北朝鮮が16日、同日の南北閣僚級会談を中止すると発表し、6月開催予定の米朝首脳会談にも難色をちらつかせるなど、一転強気に変わっている。専門家の間では、水面下で中国政府の支持を取り付けた可能性が高いこと、非核化協議でアメリカから有利な条件を引き出す「常套手段」だという見方が多い。

閣僚級会談中止は、米韓両軍による共同訓練「マックス・サンダー」の実施を理由にしている。米ロングアイランド大学の朝鮮問題専門家の夏亜峰氏は米国営放送ボイス・オブ・アメリカ(VOA)に対し、「米国を揺さぶる交渉術」としたうえ、米韓を相手に中国と北朝鮮が水面下で連携プレーを取っていると裏読みした。

同氏は、このままでは北朝鮮の非核化が難しくなると述べた。

今年3月、トランプ米大統領が金正恩(キム・ジョンウン)朝鮮労働党委員長との首脳会談を受け入れてからまもなく、ここ数年冷え込んでいた中朝関係が急速に回復した。トップ就任後一度も中国訪問が実現しなかった金正恩氏は1カ月あまりの間に2度も訪中し、中国からは習近平国家主席の特使や指導部高官もあいつぎ訪朝した。

なぜ、このような流れに変わったのか。中朝の政治事情に詳しい、米メリーランド情報・戦略研究所の専門家は米大紀元時報の取材で詳しく分析した。

「国連制裁により窮地に追い込まれた金正恩氏は今年に入ってから、平昌オリンピック参加、南北首脳会談のほか、米朝首脳会談を取り付けるなど、米韓側に大幅に歩み寄っていた。

しかし、このシナリオのままでは蚊帳の外に置かれてしまう中国政府が先手を打った。金正恩氏を招いて、最高指導部メンバーが接見するなど盛大に招待し、疎遠になった仲の修復に躍起になっている。
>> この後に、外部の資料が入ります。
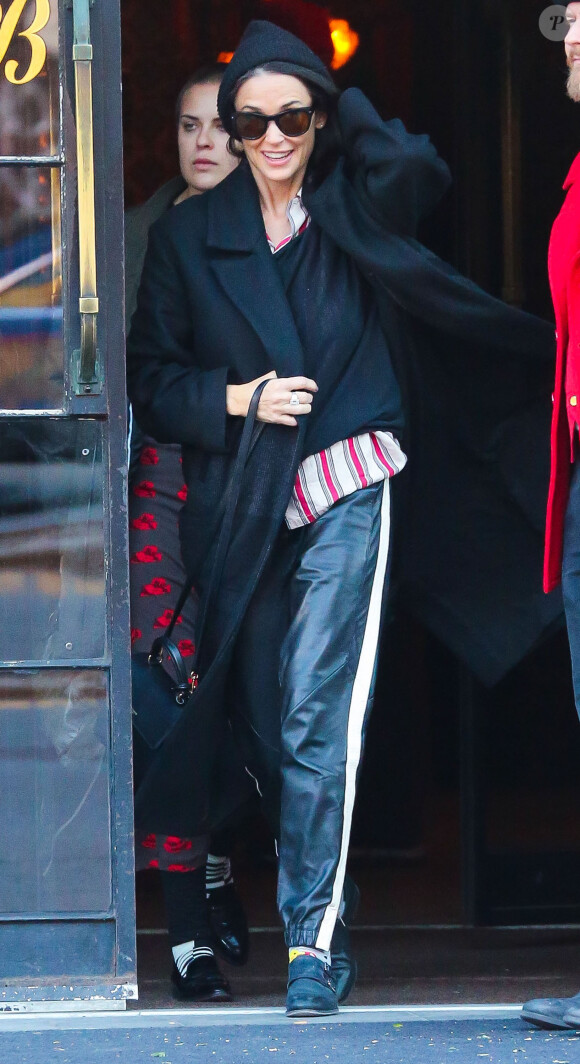Demi Moore et Tallulah Willis - Exclusif - Demi Moore avec ses filles Tallulah et Scout Willis à la sortie de leur hôtel à New York, le 19 mars 2015 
金正恩氏の態度急変の裏には、中国政府が、米韓との交渉が破たんしても味方になって支援すると安心させた可能性が高い。

実質的成果が得られなかった6カ国協議のときのように、中国は再び北朝鮮を外交カードに使おうとしている。国際社会に対する影響力アピール、米中貿易交渉でアメリカに譲歩させるのが狙いだ」

17日、トランプ米大統領は「先に核廃棄-後で補償」という「リビアモデル」を北朝鮮に適用しないと、金正恩氏を慰める発言をしたが、この先、次々と難癖をつけてくるはずの北朝鮮を相手に、非核化を約束させることができるか、懸念する声が急速に高まっている。